AIM OF THE TASK: From the first line to the last, set down the material exactly, leaving out its pictures.

=== Section Start ===

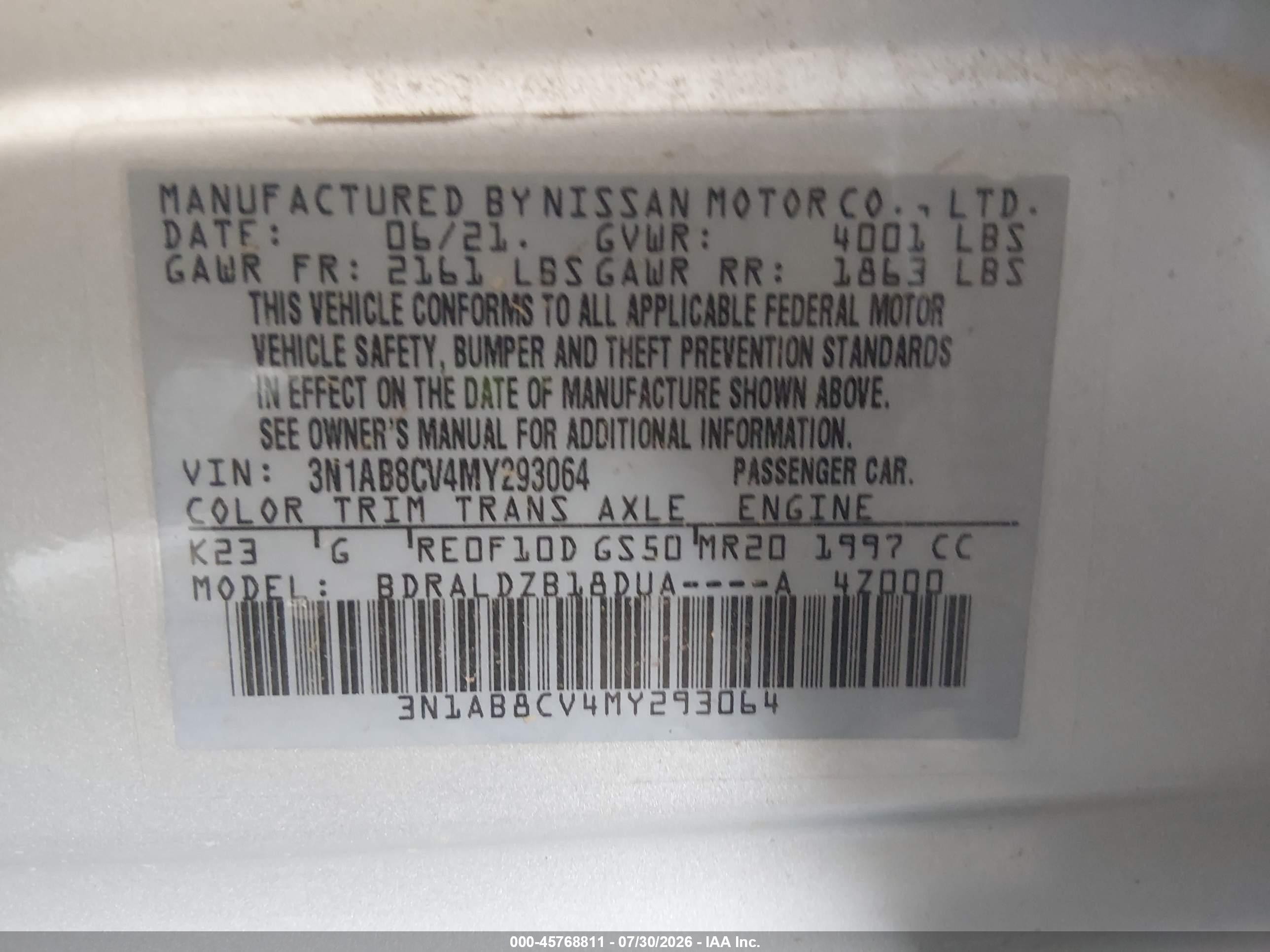 2021 Nissan Sentra Sv Xtronic Cvt Silver vin: 3N1AB8CV4MY293064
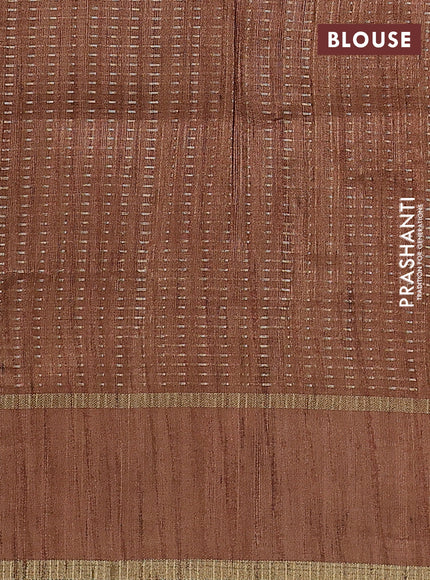 Semi matka saree sandal with allover zari weaves and rettapet zari woven border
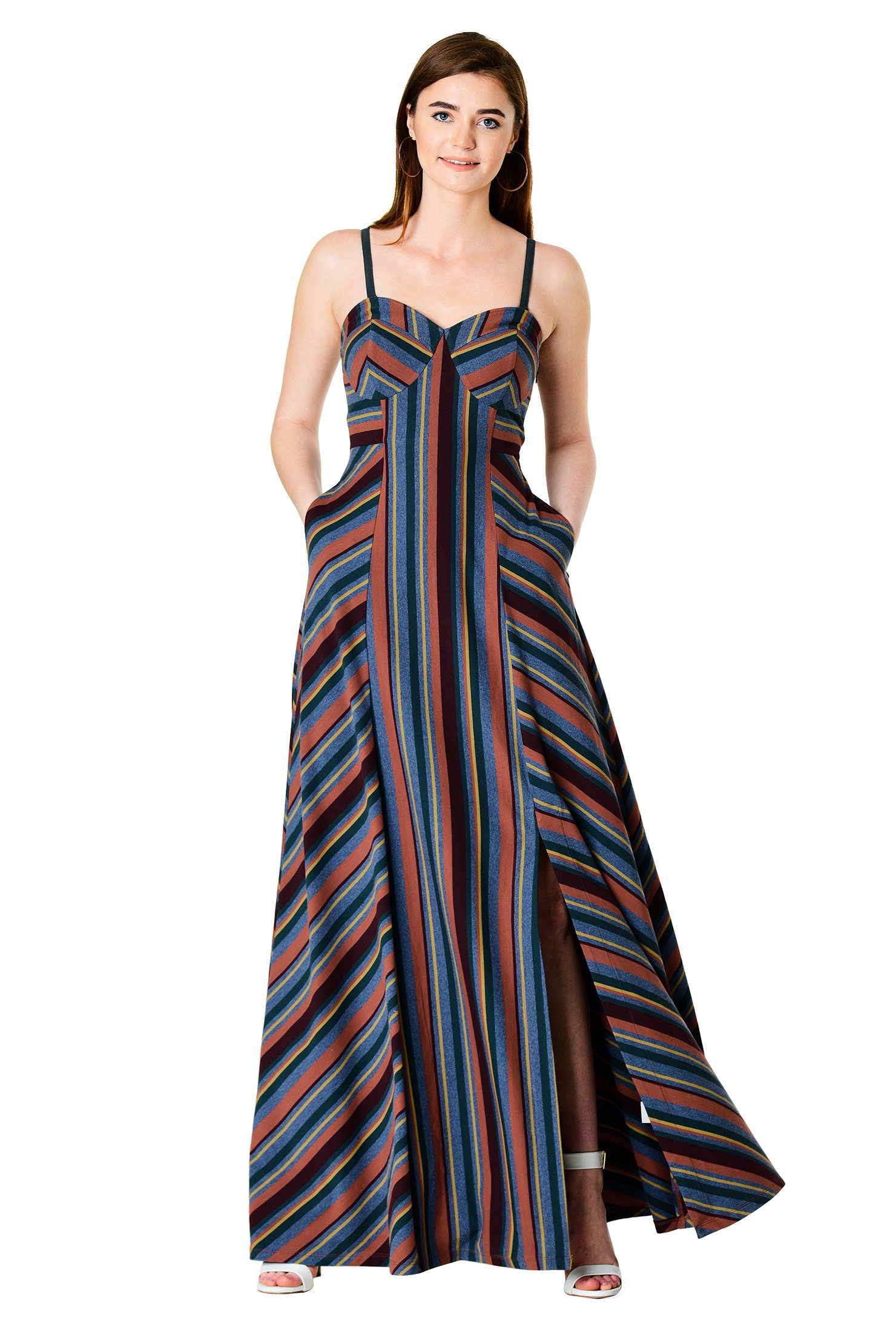 Shop Stripe cotton knit strapless maxi dress eShakti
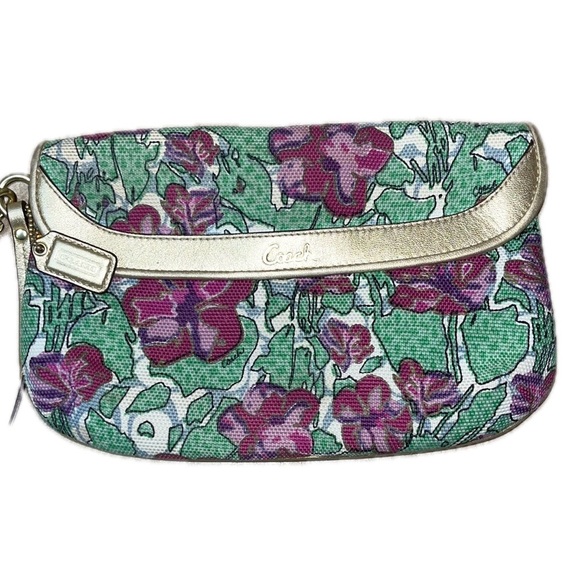 COACH Ashley Multicolor Floral Canvas Gold Leather Lg.Wristlet Wallet Clutch - Picture 3 of 13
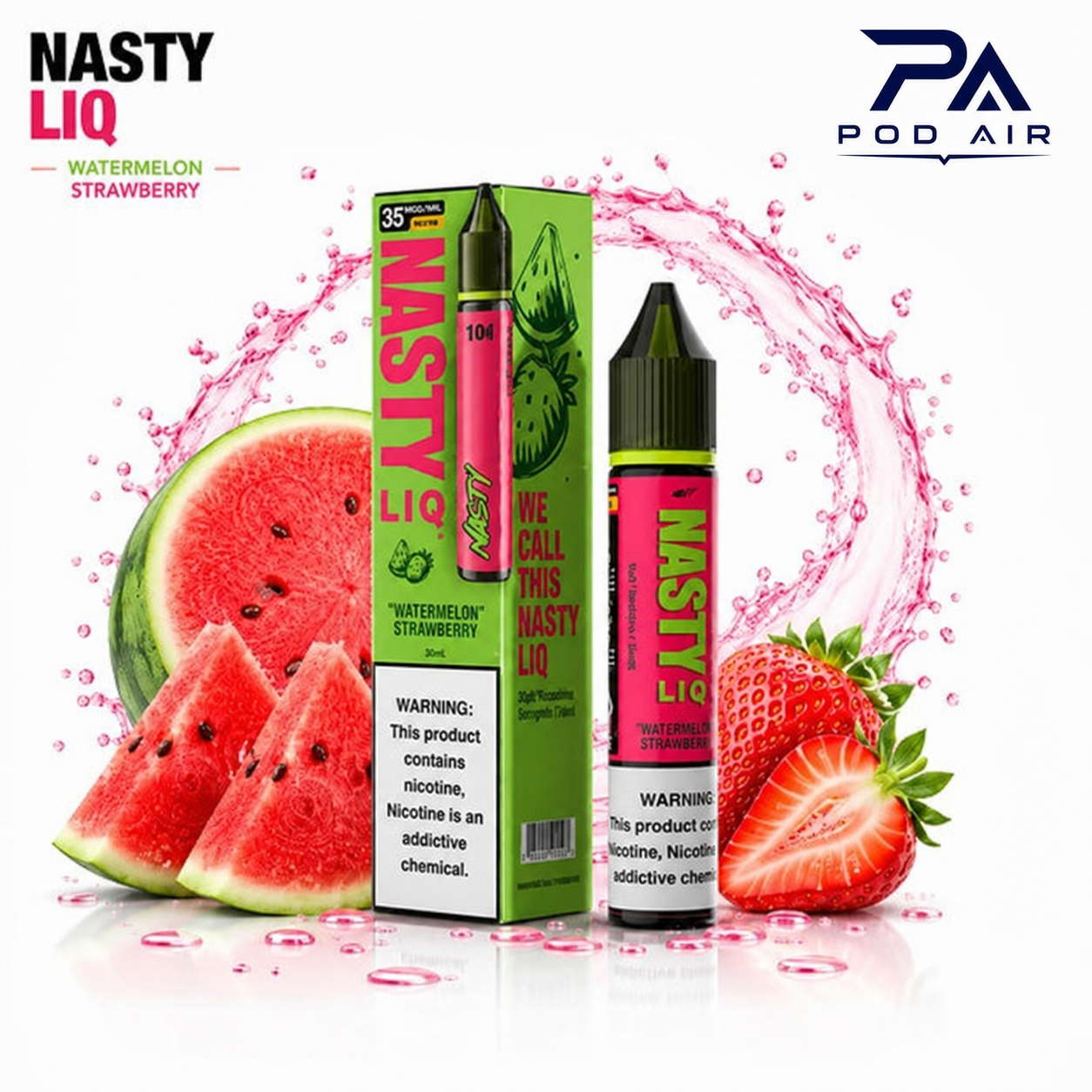 خرید سالت نستی هندوانه توت فرنگی | Nasty Liq Watermelon Strawberry Nic Salt 30ml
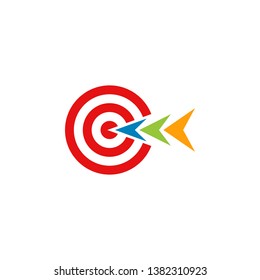 Target Icon Logo Design Template for marketing technology business health company with modern high end look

=== Section End ===

RESPONSE TO THIS EXERCISE:
 2021 Nissan Sentra Sv Xtronic Cvt Silver vin: 3N1AB8CV4MY293064
 Semi matka saree sandal with allover zari weaves and rettapet zari woven border
 Shop Stripe cotton knit strapless maxi dress eShakti
 COACH Ashley Multicolor Floral Canvas Gold Leather Lg.Wristlet Wallet Clutch - Picture 3 of 13
 خرید سالت نستی هندوانه توت فرنگی | Nasty Liq Watermelon Strawberry Nic Salt 30ml
 Target Icon Logo Design Template for marketing technology business health company with modern high end look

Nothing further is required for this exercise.